Source material: Begin

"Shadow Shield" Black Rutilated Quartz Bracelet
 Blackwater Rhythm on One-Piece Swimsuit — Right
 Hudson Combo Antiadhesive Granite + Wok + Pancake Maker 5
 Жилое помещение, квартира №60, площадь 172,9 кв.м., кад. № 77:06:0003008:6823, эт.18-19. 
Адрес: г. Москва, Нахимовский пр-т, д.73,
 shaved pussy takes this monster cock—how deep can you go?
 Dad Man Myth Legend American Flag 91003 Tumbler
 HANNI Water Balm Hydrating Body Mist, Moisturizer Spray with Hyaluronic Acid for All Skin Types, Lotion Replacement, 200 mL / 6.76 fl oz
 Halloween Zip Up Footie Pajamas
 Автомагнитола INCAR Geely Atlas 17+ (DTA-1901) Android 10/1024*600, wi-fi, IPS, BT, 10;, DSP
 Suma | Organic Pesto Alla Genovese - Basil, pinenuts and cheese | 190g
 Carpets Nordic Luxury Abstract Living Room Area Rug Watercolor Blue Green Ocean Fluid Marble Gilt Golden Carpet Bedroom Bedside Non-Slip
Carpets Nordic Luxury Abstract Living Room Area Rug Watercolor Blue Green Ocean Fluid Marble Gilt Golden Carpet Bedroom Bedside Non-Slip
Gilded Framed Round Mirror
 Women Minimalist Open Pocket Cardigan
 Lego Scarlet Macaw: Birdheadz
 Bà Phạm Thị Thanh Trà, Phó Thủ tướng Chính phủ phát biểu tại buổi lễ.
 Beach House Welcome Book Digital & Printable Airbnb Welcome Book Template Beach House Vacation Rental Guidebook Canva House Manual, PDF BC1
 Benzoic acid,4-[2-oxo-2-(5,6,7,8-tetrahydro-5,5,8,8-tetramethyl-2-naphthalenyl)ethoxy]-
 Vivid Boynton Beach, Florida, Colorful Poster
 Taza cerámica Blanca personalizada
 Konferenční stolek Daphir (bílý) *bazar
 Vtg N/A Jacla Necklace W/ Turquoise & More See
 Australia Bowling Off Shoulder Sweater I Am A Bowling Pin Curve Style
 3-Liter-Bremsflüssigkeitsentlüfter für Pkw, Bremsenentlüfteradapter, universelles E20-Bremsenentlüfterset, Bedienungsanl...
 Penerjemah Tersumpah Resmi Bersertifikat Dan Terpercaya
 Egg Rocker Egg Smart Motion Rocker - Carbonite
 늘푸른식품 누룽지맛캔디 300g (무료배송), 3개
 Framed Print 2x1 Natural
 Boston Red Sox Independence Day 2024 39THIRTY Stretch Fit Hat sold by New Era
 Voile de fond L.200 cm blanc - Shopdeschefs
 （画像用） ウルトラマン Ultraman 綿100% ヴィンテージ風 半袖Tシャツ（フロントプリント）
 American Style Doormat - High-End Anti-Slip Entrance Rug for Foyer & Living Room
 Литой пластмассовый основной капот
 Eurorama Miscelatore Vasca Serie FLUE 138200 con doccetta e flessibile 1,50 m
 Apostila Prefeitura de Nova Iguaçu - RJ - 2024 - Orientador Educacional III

Source material: End

Problem:
Quote the line that contains "Boston Red Sox" and each line after it through the end of the data, exactly, leaving out everything else.

Task output:
 Boston Red Sox Independence Day 2024 39THIRTY Stretch Fit Hat sold by New Era
 Voile de fond L.200 cm blanc - Shopdeschefs
 （画像用） ウルトラマン Ultraman 綿100% ヴィンテージ風 半袖Tシャツ（フロントプリント）
 American Style Doormat - High-End Anti-Slip Entrance Rug for Foyer & Living Room
 Литой пластмассовый основной капот
 Eurorama Miscelatore Vasca Serie FLUE 138200 con doccetta e flessibile 1,50 m
 Apostila Prefeitura de Nova Iguaçu - RJ - 2024 - Orientador Educacional III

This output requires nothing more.